Only one stretch of the data below is needed. Output the lines from the one with "Before you crack" up to and including the one with "The area is", exactly as they stand.

**SUPPLIED MATERIAL**

+ + + + + + +

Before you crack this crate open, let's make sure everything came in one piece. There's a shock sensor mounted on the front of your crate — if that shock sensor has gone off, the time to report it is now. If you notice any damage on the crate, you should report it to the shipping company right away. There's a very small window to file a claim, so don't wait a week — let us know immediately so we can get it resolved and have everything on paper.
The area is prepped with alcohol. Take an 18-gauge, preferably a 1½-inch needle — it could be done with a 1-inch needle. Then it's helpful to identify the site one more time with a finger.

+ + + + + + +

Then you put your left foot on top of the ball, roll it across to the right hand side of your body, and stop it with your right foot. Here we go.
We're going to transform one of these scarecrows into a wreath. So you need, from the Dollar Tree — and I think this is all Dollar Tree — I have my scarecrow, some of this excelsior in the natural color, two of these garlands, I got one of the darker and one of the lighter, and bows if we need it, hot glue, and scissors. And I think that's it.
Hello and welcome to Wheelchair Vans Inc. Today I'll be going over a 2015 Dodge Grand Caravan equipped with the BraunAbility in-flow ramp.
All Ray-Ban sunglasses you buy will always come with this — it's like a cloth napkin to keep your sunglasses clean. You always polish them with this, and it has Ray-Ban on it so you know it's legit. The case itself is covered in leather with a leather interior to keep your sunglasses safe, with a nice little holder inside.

+ + + + + + +

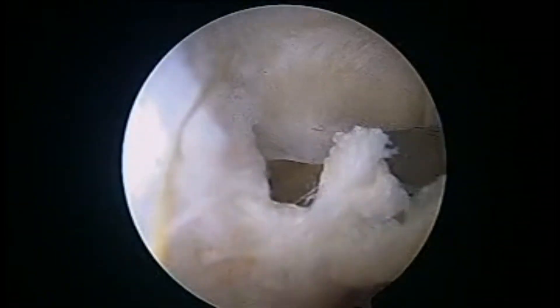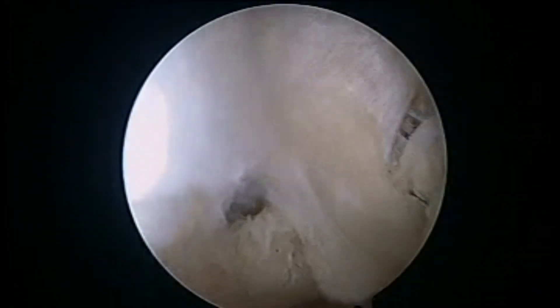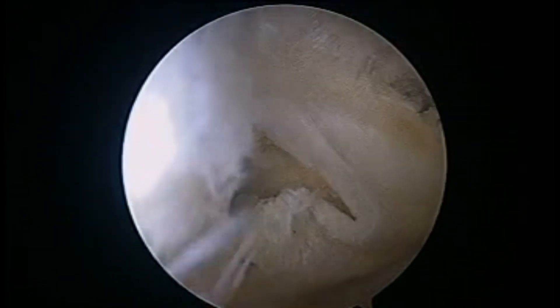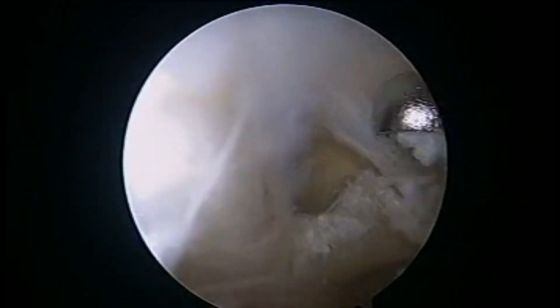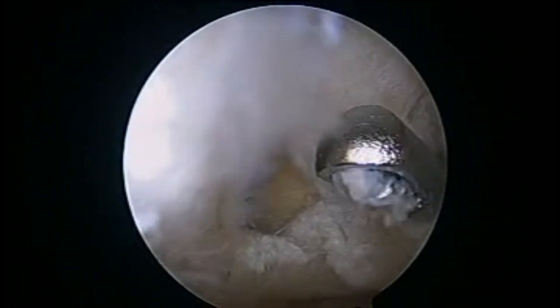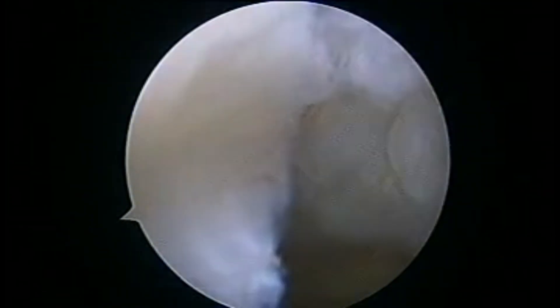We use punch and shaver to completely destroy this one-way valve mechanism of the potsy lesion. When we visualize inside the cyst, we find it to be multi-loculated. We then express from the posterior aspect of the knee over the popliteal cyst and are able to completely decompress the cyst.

+ + + + + + +

**ANSWER FOR THIS EXERCISE**
Before you crack this crate open, let's make sure everything came in one piece. There's a shock sensor mounted on the front of your crate — if that shock sensor has gone off, the time to report it is now. If you notice any damage on the crate, you should report it to the shipping company right away. There's a very small window to file a claim, so don't wait a week — let us know immediately so we can get it resolved and have everything on paper.
The area is prepped with alcohol. Take an 18-gauge, preferably a 1½-inch needle — it could be done with a 1-inch needle. Then it's helpful to identify the site one more time with a finger.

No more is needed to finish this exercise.